The Battle Wings suffered their first loss of the season in a high-scoring game to the Shock. The game was very close until the 4th quarter when the Shock opened up a 65–47 lead in the 4th quarter, set up by two turnovers by Bossier–Shreveport. It was a deficit the Battle Wings could not overcome as they lost the game 78–70. Part of the loss was attributed to an injured P.J. Berry and the coverage put on him by Spokane's defense, forcing Raymond Philyaw to throw to other receivers, Randy Hymes in particular, who caught for 174 yards and 5 touchdowns. Philyaw finished with 349 yards and 10 touchdowns.

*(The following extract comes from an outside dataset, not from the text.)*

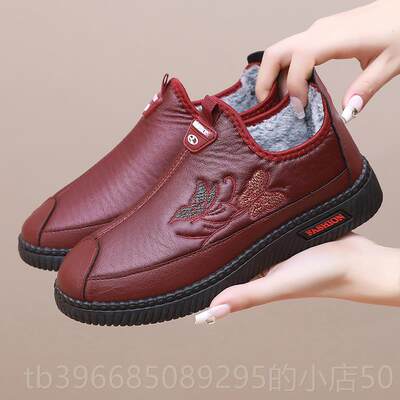 高档冬季绒老北京布鞋女鞋加加厚防水皮面雪地棉靴底平防滑保暖妈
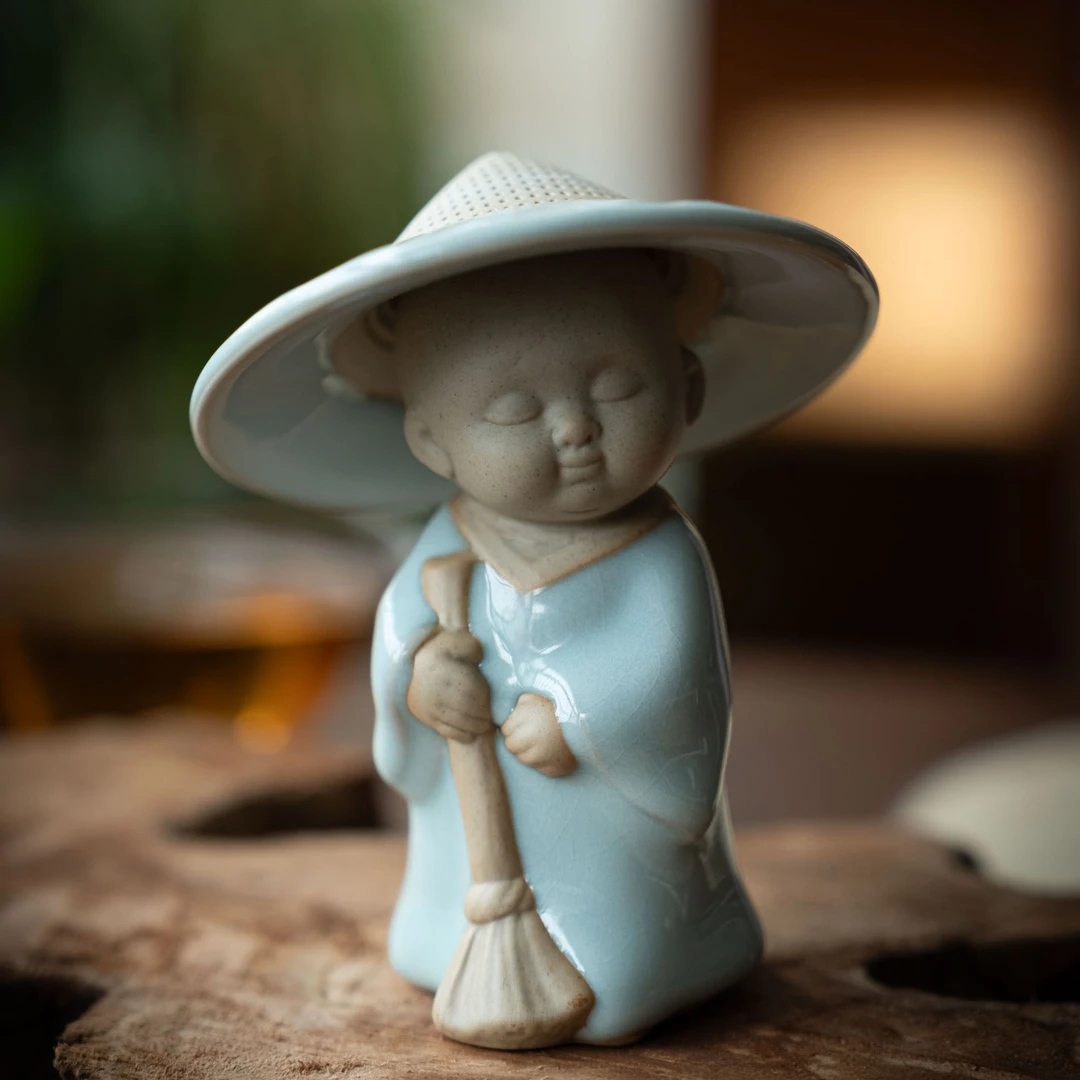 简匠 汝窑当代天青釉小和尚扫地僧茶漏茶宠摆件不完美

| Quarter | 1 | 2 | 3 | 4 | Total |
|---|---|---|---|---|---|
| Battle Wings | 6 | 26 | 15 | 23 | 70 |
| Shock | 16 | 21 | 14 | 27 | 78 |

===Week 5: at Utah Blaze===

Leading in just about every category statistically, the Battle Wings failed to outscore the Blaze, resulting in their second consecutive loss. Bossier–Shreveport's offense that night was stopped by Utah's defense on more than one occasion. Looking to take the lead in the 2nd quarter, down 4 points and just a few yards from the end zone on 4th down, the Battle Wings were given a new set of downs following a defensive pass interference penalty. Despite this, the Battle Wings were still unable to score, turning the ball over on downs. On the opening drive of the 3rd quarter, Raymond Philyaw was intercepted by Tour'e Carter, and Utah took advantage of the turnover with a touchdown on the ensuing drive. In the 4th quarter, the Battle Wings scored an early touchdown to cut the deficit to just 5 points. However on three of their final four drives, the Battle Wings turned the ball over on downs which resulted in the loss. Philyaw finished with 5 touchdowns and 229 yards, while Randy Hymes caught for 123 yards and 2 touchdowns.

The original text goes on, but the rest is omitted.